■ **Exercise directions**
Please repeat, exactly as written, every line from the one containing "person holding black and silver fishing rod" through the last line of the records, both included, and leave out any pictures.

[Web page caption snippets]
════════

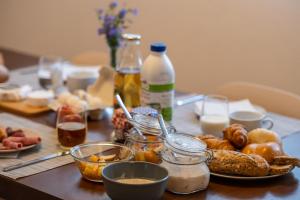 a table topped with a plate of food and bottles of milk at Montela Hotel & Resort - Suiten in Saas-Grund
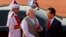 Indian Prime Minister Narendra Modi, center, talks to Vietnam's Prime Minister Nguyen Tan Dung, right, during a ceremonial reception at the forecourt of the Indian President's palace in New Delhi, Oct. 28, 2014.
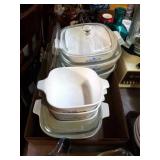 7 Corning ware dishes with 4 lids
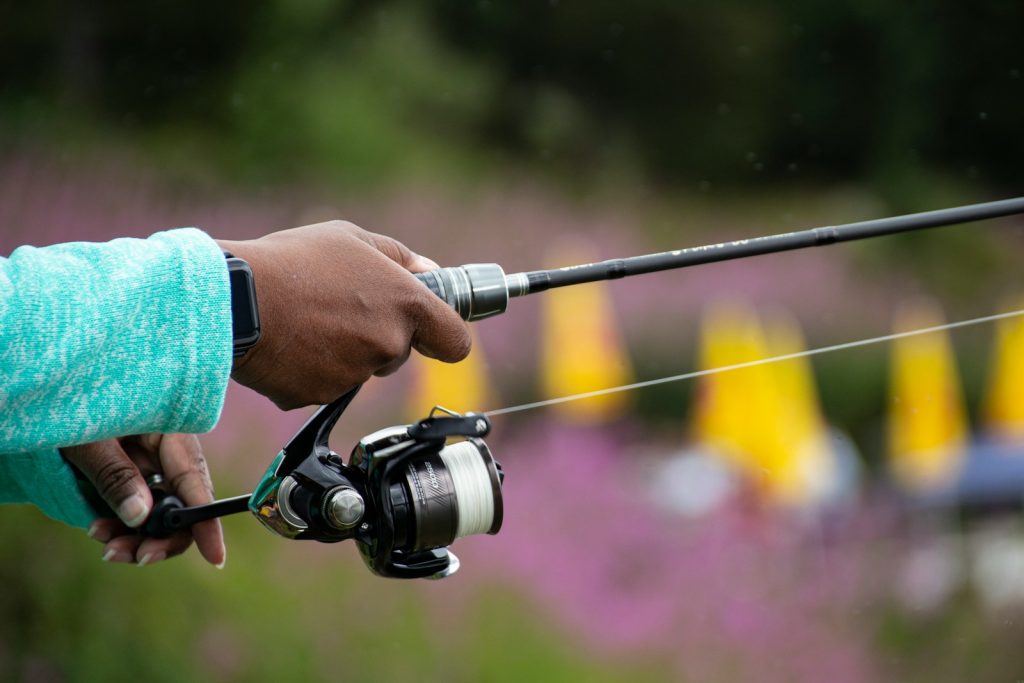 person holding black and silver fishing rod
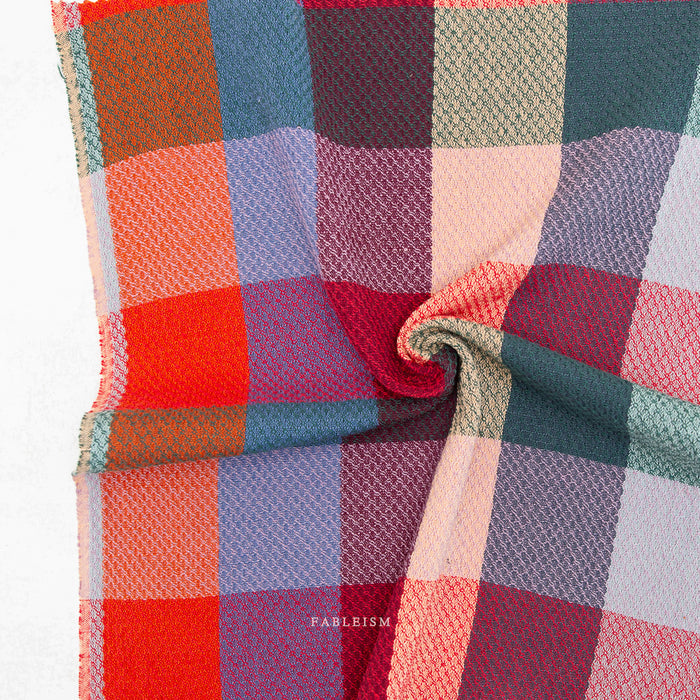 Multicolored checkered fabric with Fableism brand name on a white background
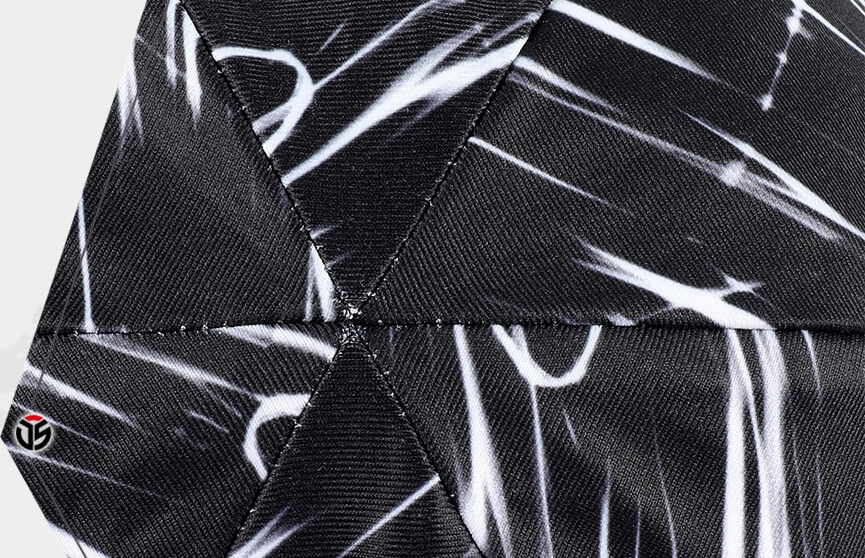 Close-up of a fashion bicycle beanie cap with black and white abstract pattern, made from breathable quick-dry fabric.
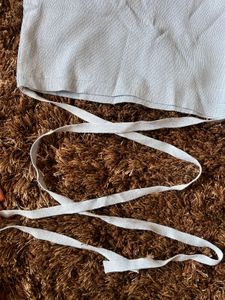 light blue tie-around waist top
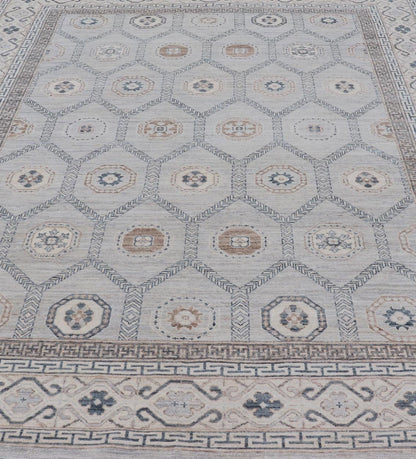 Sub - Geometric Mosaic Khotan Rug With Muted Tones of Blue and Brown This hand - knotted Khotan features geometric medallions, each of which hold a small geometric motif. The border hosts different geometric designs on each tier, alternating between... - Keivan Woven ArtsAWR - 6044 - 19989Rug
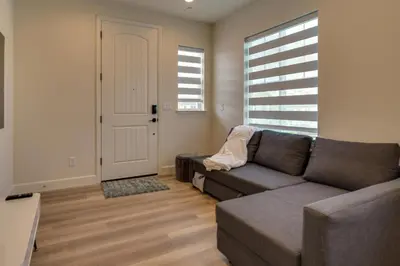 a living room with a couch and a window at California Midterm Rental with Fenced Yard! in Tracy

════════

■ **Expected output**
 person holding black and silver fishing rod
 Multicolored checkered fabric with Fableism brand name on a white background
 Close-up of a fashion bicycle beanie cap with black and white abstract pattern, made from breathable quick-dry fabric.
 light blue tie-around waist top
 Sub - Geometric Mosaic Khotan Rug With Muted Tones of Blue and Brown This hand - knotted Khotan features geometric medallions, each of which hold a small geometric motif. The border hosts different geometric designs on each tier, alternating between... - Keivan Woven ArtsAWR - 6044 - 19989Rug
 a living room with a couch and a window at California Midterm Rental with Fenced Yard! in Tracy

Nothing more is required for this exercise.